Perspectives on Film: Introduction
The concept of film studies is about understanding why a film makes us feel in a particular way and evaluating why we have a specific opinion towards a movie instead of focusing on the feeling and opinion themselves. In order to do this, there's a need to focus on the form of the film rather than the story. The film's form refers to how the story, which is the content of the film, is expressed. It represents the set of conventions based on established related patterns used to evaluate, perceive, and define a work of art.
Two primary senses are explored in movies: hearing and sight. There are countless elements that can stimulate either of these senses, and filmmakers combine and exploit these elements to create different film styles, which usually fall into three possible forms.
Forms of Film
There are three categories that a film can fall into when it comes to forms. They are:
1. Narrative form: This is the most common form of filmmaking and refers to the films that tell a story. These sorts of movies are also called fictional films. However, the term fictional doesn't mean they are bared on fictitious events. Instead, it means the filmmaker has complete freedom and discretion when it comes to storylines and how the historical facts can be altered. These films are usually structured based on a system of cause and effects, no matter how random it may appear at first.
2. Documentary form: This is an expository type of filmmaking where historical events and real facts are exposed and analyzed. This is not to say the films in documentary forms present the complete truth at all times. There are times when the filmmaker's creativity leads to manipulation of the truth, sometimes unwittingly.

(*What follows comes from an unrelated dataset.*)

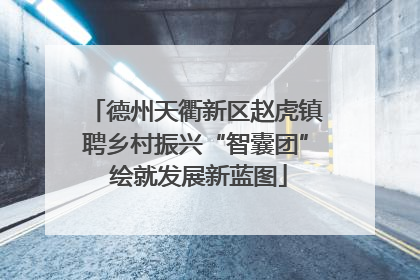 德州天衢新区赵虎镇聘乡村振兴“智囊团” 绘就发展新蓝图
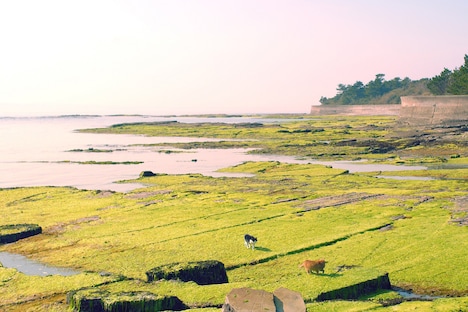 「ねことじいちゃん」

Most documentary films rely heavily on interviews, and expert witnesses accompanied the Voice of God feature.
3. Experimental form: This form of filmmaking is as rare as it is unpopular. Also called avant-garde, films in these forms usually have a chaotic, incoherent, and disorderly, with ideas combined in an arbitrary manner with no regard for structure, theme, or characters. For any viewer seeing them, the general feeling is usually confusion and annoyance, which explains why they are not viable commercially and rarely aired on TV or screened in theatre.
Importance of form
Expectations: The form of a film can create expectations as regards the patterns that exist between different elements of the film and how they relate. On the basis of form alone, we develop curiosity regarding what will happen next and form ideas about what has happened in the past, leading to engagement with the movie. The curiosity can later be gratified or left ungratified as suspense.
Convention: Expectations are not only based on the elements that exist in the particular film we see alone, but rooted in general experiences derived from life, movies, and artworks in general. While most films reinforce conventions, there are those that break them to create new conventions too.
Meaning: Form also lends a film its meaning. As humans, we are naturally bound to look for meaning in everything we see. This meaning can be in two forms: Implicit meaning, which is the deeper meaning that a work of art has, and the explicit meaning, which can be likened to the basic description of the film. These meanings can always be traced to the film's form.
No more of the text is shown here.